The court found that SolarBridge met its burden. (1) Defendant is an individual or entity that accessed SolarBridge’s confidential information and disclosed that information to one of its competitors, and the email sent by Defendant is associated with Yahoo!; (2) SolarBridge has undertaken a diligent investigation to identify Defendant without the use of third party discovery, to no avail; (3) SolarBridge’s action would likely withstand a motion to dismiss, as it appears to have sufficiently alleged claims for violations of the CFAA and California Penal Code § 502(c) as well as statutory and common law trade secret misappropriation and unfair competition; (4) SolarBridge has shown that there is a reasonable likelihood that its requested discovery will lead to information to identify Defendant and make service on Defendant possible.

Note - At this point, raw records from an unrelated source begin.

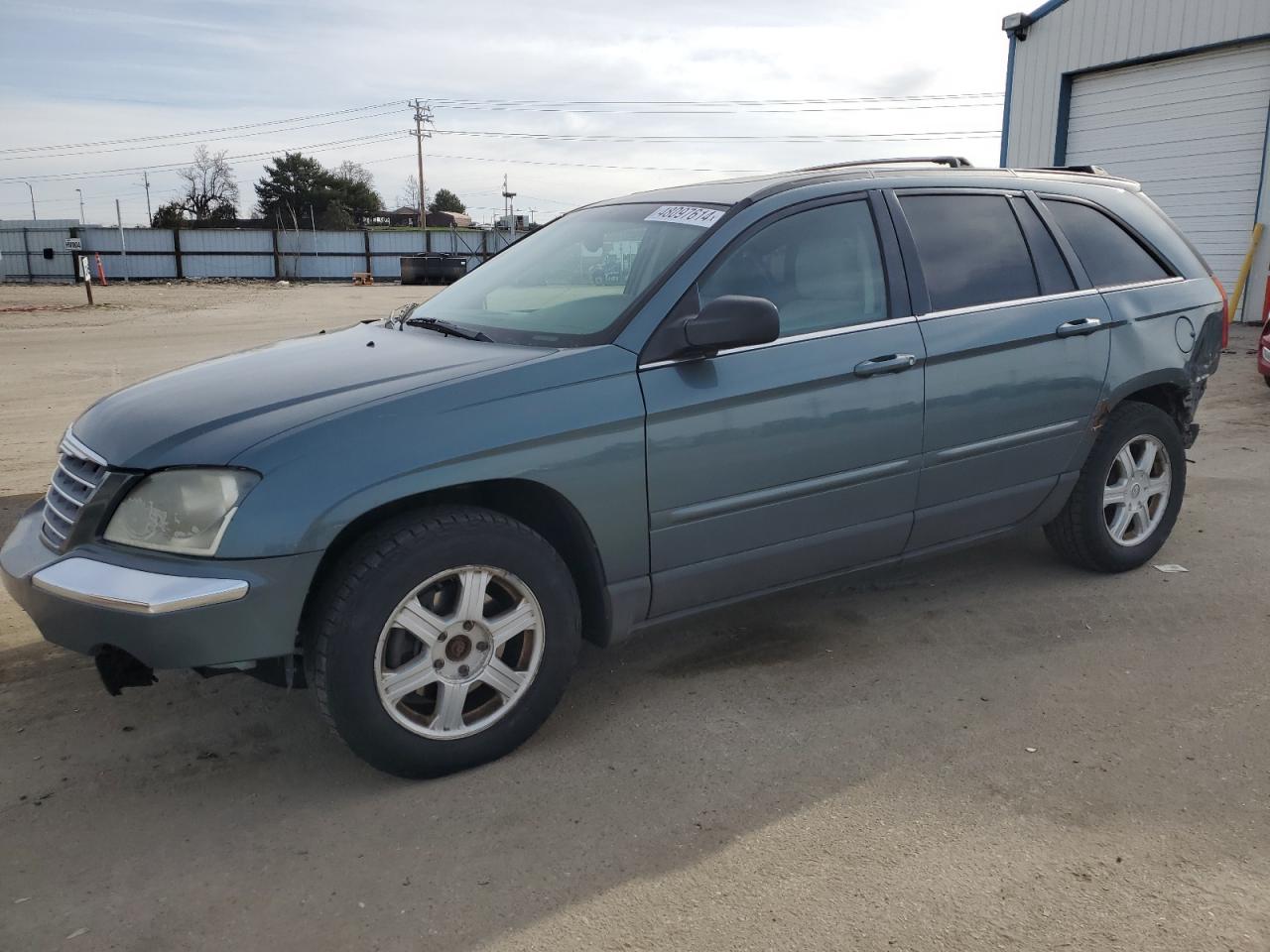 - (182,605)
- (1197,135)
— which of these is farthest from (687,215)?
(1197,135)

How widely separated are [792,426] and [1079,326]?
1.56m

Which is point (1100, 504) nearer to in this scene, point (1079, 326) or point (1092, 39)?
point (1079, 326)

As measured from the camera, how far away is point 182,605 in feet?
8.71

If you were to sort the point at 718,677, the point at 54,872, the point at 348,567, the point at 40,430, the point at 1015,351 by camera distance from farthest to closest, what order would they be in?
the point at 40,430
the point at 1015,351
the point at 718,677
the point at 348,567
the point at 54,872

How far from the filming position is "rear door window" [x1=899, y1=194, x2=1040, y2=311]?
3959 millimetres

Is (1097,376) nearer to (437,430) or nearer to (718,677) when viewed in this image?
(718,677)

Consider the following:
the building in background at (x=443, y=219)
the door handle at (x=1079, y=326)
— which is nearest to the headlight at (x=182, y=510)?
the door handle at (x=1079, y=326)

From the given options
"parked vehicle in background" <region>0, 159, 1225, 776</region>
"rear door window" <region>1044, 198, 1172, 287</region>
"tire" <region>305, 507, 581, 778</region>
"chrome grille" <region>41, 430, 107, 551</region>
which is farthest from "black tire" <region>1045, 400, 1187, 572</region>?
"chrome grille" <region>41, 430, 107, 551</region>

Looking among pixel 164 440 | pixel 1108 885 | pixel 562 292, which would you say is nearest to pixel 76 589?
pixel 164 440

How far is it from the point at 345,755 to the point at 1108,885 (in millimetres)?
2164

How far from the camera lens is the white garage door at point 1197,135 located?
1442 cm

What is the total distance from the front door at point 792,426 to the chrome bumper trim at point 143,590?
1274 mm

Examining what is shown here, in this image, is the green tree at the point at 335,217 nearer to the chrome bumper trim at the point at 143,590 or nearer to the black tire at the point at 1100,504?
the black tire at the point at 1100,504

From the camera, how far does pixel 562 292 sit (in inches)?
149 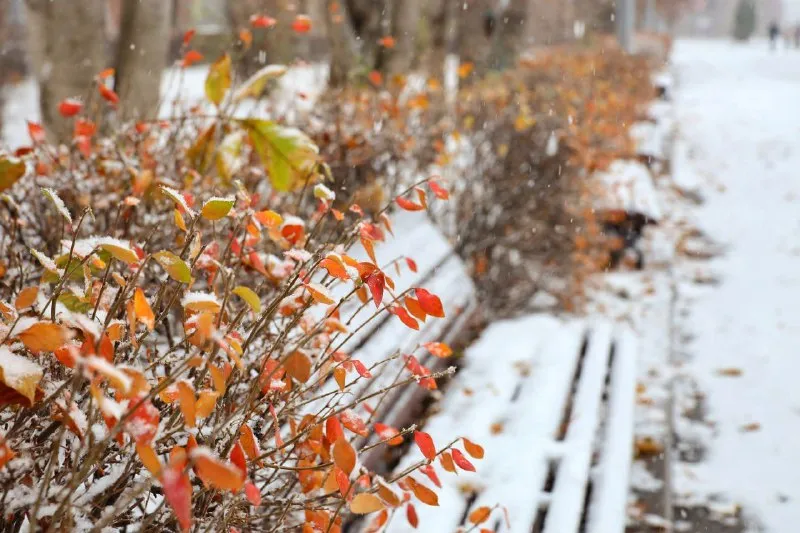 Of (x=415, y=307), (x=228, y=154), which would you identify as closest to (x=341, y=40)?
(x=228, y=154)

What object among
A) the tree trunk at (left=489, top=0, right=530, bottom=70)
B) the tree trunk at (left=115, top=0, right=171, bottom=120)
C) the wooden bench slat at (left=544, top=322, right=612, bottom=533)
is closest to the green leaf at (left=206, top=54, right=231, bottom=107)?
the wooden bench slat at (left=544, top=322, right=612, bottom=533)

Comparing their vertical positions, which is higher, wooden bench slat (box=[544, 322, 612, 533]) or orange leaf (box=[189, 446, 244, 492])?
orange leaf (box=[189, 446, 244, 492])

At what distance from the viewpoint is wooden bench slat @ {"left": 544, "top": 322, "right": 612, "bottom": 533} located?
2404 mm

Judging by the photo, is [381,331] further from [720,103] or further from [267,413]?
[720,103]

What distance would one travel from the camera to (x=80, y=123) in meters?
2.46

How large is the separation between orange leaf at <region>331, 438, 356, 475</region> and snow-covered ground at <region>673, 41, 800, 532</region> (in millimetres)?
2574

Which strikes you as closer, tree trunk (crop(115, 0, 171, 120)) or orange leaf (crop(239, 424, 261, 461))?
orange leaf (crop(239, 424, 261, 461))

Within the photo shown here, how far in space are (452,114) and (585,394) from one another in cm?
263

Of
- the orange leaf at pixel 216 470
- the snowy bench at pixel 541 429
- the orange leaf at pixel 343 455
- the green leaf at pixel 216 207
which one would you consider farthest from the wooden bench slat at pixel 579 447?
the orange leaf at pixel 216 470

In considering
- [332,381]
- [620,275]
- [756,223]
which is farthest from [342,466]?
[756,223]

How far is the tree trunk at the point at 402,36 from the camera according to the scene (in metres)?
7.48

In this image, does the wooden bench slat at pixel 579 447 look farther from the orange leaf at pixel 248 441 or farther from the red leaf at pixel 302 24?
the red leaf at pixel 302 24

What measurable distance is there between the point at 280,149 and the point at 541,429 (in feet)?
5.50

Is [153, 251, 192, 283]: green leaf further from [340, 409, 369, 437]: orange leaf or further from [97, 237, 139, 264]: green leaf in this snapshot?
[340, 409, 369, 437]: orange leaf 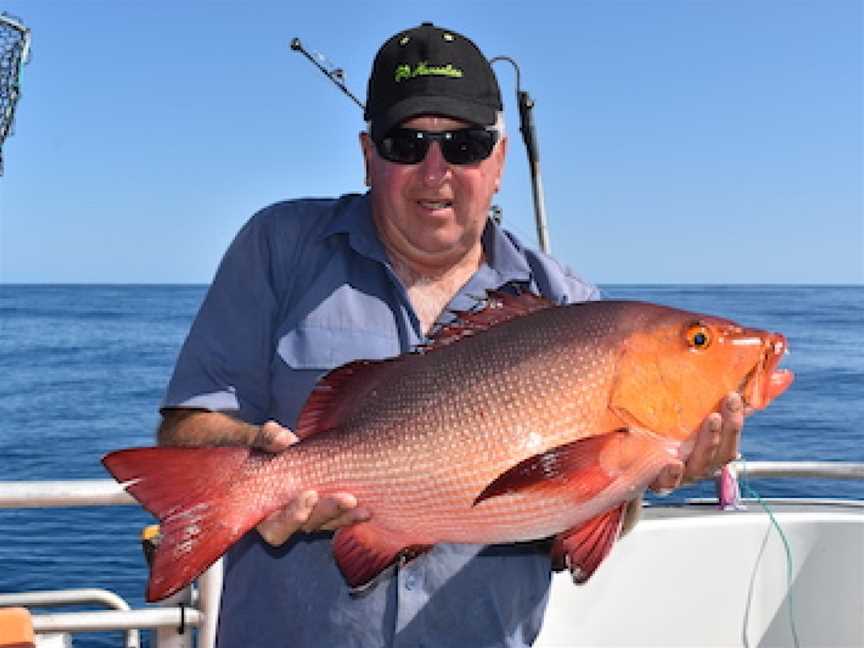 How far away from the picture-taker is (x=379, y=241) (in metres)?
2.99

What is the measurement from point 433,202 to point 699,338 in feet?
3.04

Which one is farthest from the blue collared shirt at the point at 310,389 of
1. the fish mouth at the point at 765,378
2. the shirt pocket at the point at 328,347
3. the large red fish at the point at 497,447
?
the fish mouth at the point at 765,378

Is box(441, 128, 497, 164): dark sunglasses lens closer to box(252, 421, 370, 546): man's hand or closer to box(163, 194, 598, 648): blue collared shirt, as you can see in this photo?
box(163, 194, 598, 648): blue collared shirt

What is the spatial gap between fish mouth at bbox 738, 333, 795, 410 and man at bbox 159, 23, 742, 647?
0.77 meters

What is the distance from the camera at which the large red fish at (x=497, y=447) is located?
226 centimetres

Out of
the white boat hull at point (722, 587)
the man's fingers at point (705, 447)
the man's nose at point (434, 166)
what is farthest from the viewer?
the white boat hull at point (722, 587)

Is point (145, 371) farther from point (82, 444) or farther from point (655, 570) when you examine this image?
point (655, 570)

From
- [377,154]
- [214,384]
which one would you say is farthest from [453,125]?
[214,384]

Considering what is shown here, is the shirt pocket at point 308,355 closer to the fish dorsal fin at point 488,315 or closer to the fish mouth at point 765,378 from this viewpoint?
the fish dorsal fin at point 488,315

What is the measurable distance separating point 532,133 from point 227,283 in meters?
3.28

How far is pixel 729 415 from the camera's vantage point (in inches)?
91.8

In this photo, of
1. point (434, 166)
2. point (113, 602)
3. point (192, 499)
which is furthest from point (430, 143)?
point (113, 602)

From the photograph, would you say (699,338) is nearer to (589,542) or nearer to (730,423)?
(730,423)

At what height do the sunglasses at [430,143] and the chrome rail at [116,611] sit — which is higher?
the sunglasses at [430,143] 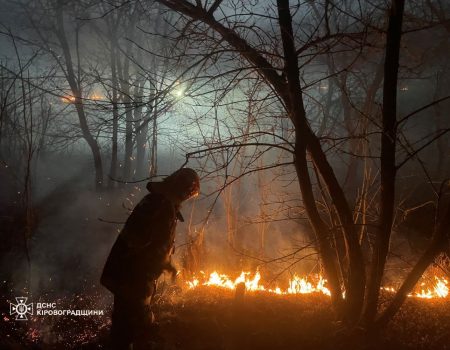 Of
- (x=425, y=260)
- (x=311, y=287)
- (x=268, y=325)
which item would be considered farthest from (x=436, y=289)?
(x=268, y=325)

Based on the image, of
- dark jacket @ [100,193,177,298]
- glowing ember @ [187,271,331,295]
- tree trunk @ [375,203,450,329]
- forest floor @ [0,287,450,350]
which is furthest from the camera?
glowing ember @ [187,271,331,295]

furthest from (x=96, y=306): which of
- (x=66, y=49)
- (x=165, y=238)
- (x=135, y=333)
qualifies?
(x=66, y=49)

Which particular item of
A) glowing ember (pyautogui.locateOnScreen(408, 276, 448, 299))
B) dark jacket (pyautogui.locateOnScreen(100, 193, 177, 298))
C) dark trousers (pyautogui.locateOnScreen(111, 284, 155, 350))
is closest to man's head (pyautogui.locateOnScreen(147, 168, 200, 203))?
dark jacket (pyautogui.locateOnScreen(100, 193, 177, 298))

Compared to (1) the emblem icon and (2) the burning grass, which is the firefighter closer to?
(2) the burning grass

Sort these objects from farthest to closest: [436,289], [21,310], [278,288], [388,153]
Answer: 1. [21,310]
2. [278,288]
3. [436,289]
4. [388,153]

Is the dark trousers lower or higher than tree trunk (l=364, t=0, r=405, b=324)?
lower

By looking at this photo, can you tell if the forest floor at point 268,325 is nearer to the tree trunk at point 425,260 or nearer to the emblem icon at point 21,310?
the tree trunk at point 425,260

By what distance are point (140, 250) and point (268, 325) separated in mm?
1831

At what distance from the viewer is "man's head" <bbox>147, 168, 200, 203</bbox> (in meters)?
3.88

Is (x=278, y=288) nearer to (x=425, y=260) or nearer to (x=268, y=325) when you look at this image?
(x=268, y=325)

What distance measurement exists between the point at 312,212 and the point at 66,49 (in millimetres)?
14698

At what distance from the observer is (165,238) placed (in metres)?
3.73

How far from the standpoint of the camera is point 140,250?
3.64 m

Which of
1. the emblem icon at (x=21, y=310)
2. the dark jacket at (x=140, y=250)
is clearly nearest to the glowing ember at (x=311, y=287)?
the dark jacket at (x=140, y=250) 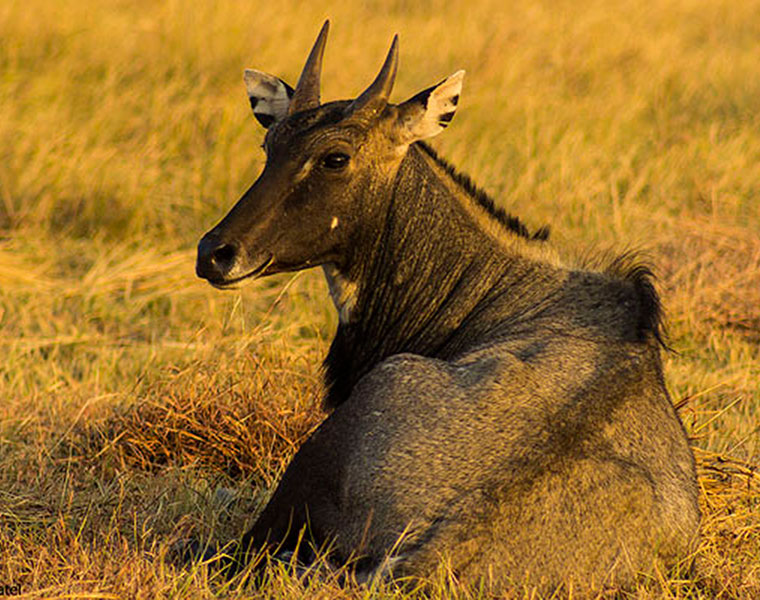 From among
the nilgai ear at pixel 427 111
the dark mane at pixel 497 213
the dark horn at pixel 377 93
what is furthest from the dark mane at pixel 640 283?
the dark horn at pixel 377 93

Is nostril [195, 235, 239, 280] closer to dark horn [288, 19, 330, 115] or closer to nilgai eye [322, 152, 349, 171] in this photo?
nilgai eye [322, 152, 349, 171]

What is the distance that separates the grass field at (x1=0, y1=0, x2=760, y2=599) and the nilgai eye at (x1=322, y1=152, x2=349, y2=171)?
1154 mm

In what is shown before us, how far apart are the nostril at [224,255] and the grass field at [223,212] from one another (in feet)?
3.00

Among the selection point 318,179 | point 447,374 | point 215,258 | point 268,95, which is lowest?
point 447,374

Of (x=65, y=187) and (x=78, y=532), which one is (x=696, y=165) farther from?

The court granted leave to conduct the following discovery:
- SolarBridge may subpoena Yahoo!, Inc. for registration, assignment, contact, billing and payment information, and any IP address information related to the email account “email@example.com“;
- SolarBridge may subpoena Google, Inc. for registration, assignment, contact, billing and payment information associated with any IP address related to the sender of the email from account “firstname.lastname@example.org”;
- SolarBridge will be permitted to seek discovery of other IP addresses that Defendant has registered with the hosts/ISPs listed above, and to subpoena registration, assignment, contact, billing and payment information for those additional addresses;
(1) *3 4. SolarBridge will be permitted to seek discovery of IP addresses that the hosts/ISPs listed above have assigned to other users who have provided the same billing information as that provided for the IP addresses associated with the email sent from the email account “email@example.com”;
- To the extent discovery of the host/ISP records identifies other IP addresses that (a) were associated with the email sent from the email account “firstname.lastname@example.org”; and (b) are not controlled by the subpoenaed hosts/ISPs, SolarBridge will be permitted to subpoena other hosts/ISPs identified in the responses to its subpoenas for registration, assignment, contact, billing and payment information for those IP addresses; and
- In granting SolarBridge’s motion for leave to conduct discovery to identify Defendant, the Court does not intend to foreclose any valid objections that may be raised by parties responding to these subpoenas.
United States Magistrate Judge Howard R. Lloyd.